# [TASK DETAILS]
Return the data below exactly, please, but drop the pictures.

[[ TASK INPUTS, beginning ]]

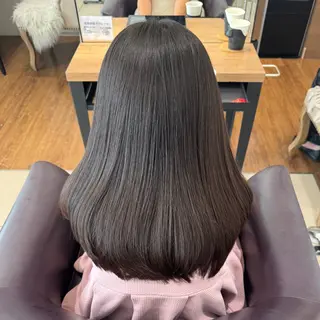 ロング ヘッドスパモデル募集 遠藤 葵のヘアスタイル
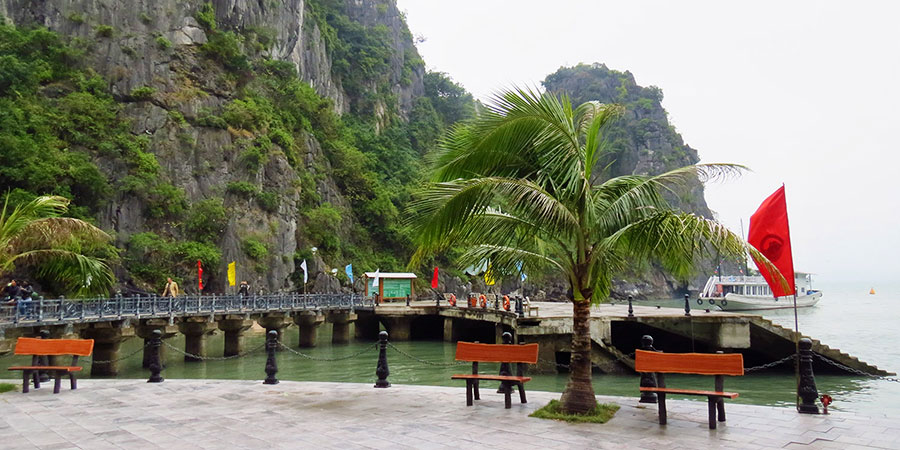 Halong Bay Climbing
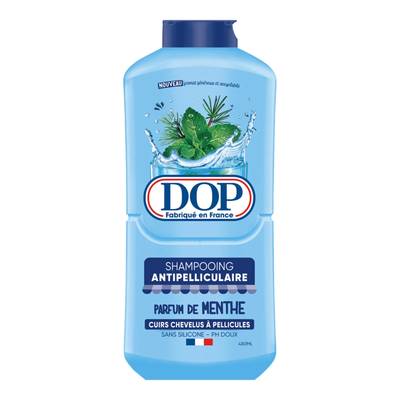 Dop Shampooing AntiPelliculaire Parfum Menthe, 480ml
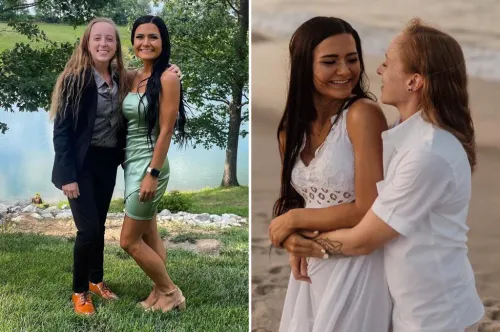 Lesbian couple blasts dream wedding venue over ‘heart-crushing’ ema...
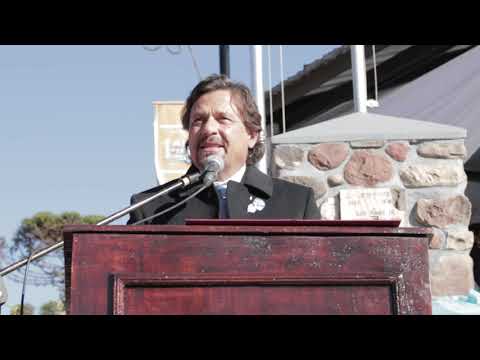 En Campo Quijano el Gobernador conmemoró el 205° aniversario de la Independencia Nacional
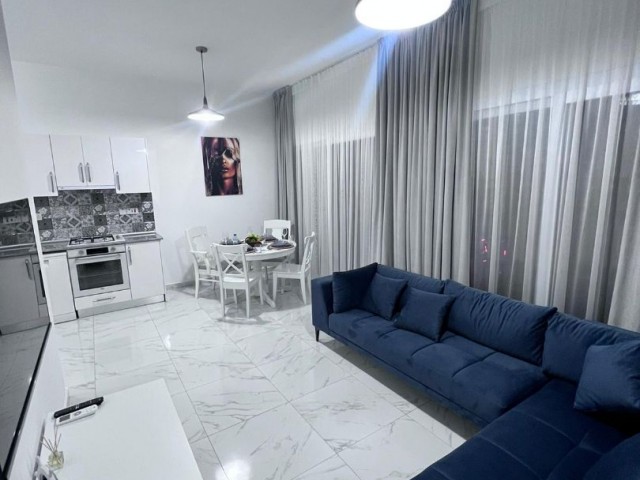 Kyrenia - Lapta, 2+1 for rent, new complex, new furniture. 3 months prepayment 2 deposits 1 commission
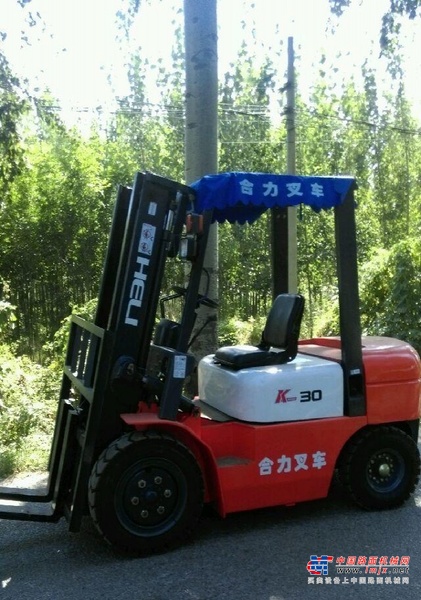 长春市出售转让二手合力电动叉车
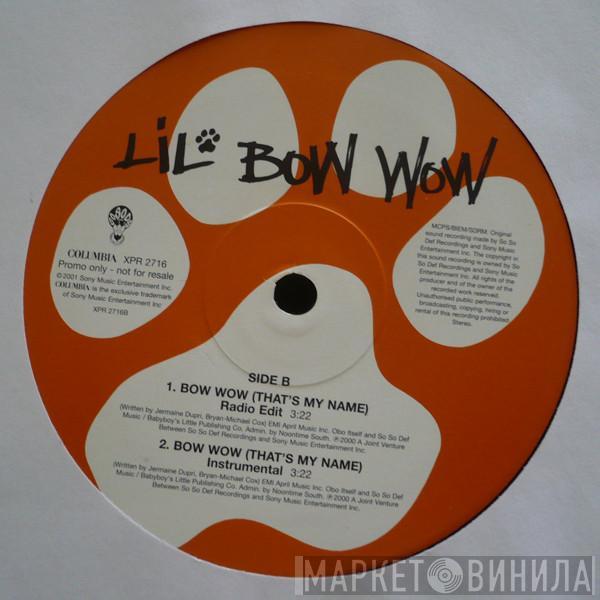 Lil' Bow Wow - Bow Wow (That's My Name)
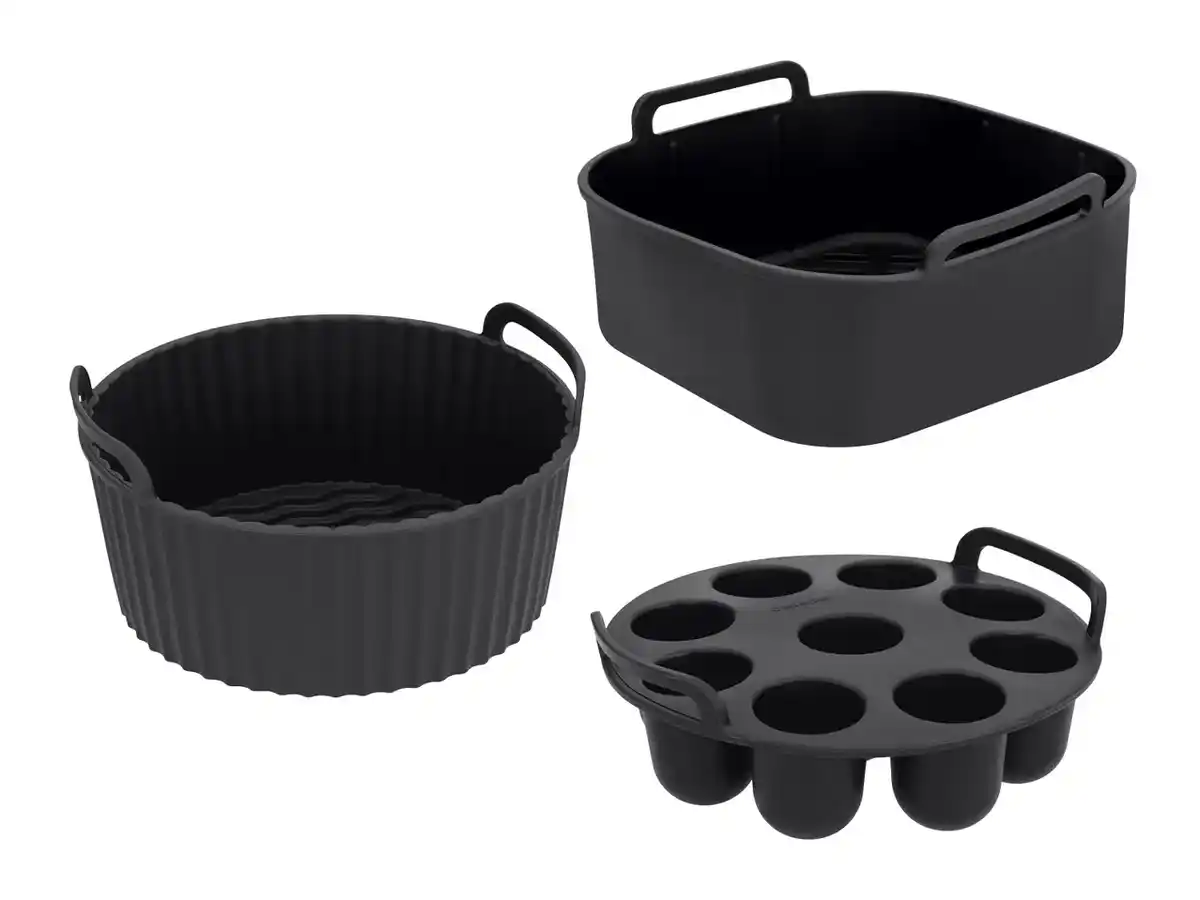 Bild 1 von SILVERCREST Heißluftfritteusen-Silikonform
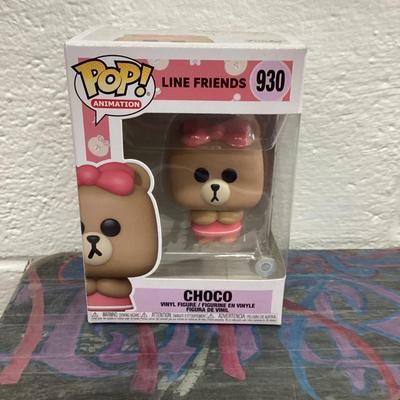 Funko pops line friends 930 Choco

[[ TASK INPUTS, end ]]

# [OUTPUT FOR THIS EXERCISE]
 ロング ヘッドスパモデル募集 遠藤 葵のヘアスタイル
 Halong Bay Climbing
 Dop Shampooing AntiPelliculaire Parfum Menthe, 480ml
 Lesbian couple blasts dream wedding venue over ‘heart-crushing’ ema...
 En Campo Quijano el Gobernador conmemoró el 205° aniversario de la Independencia Nacional
 Kyrenia - Lapta, 2+1 for rent, new complex, new furniture. 3 months prepayment 2 deposits 1 commission
 长春市出售转让二手合力电动叉车
 Lil' Bow Wow - Bow Wow (That's My Name)
 Bild 1 von SILVERCREST Heißluftfritteusen-Silikonform
 Funko pops line friends 930 Choco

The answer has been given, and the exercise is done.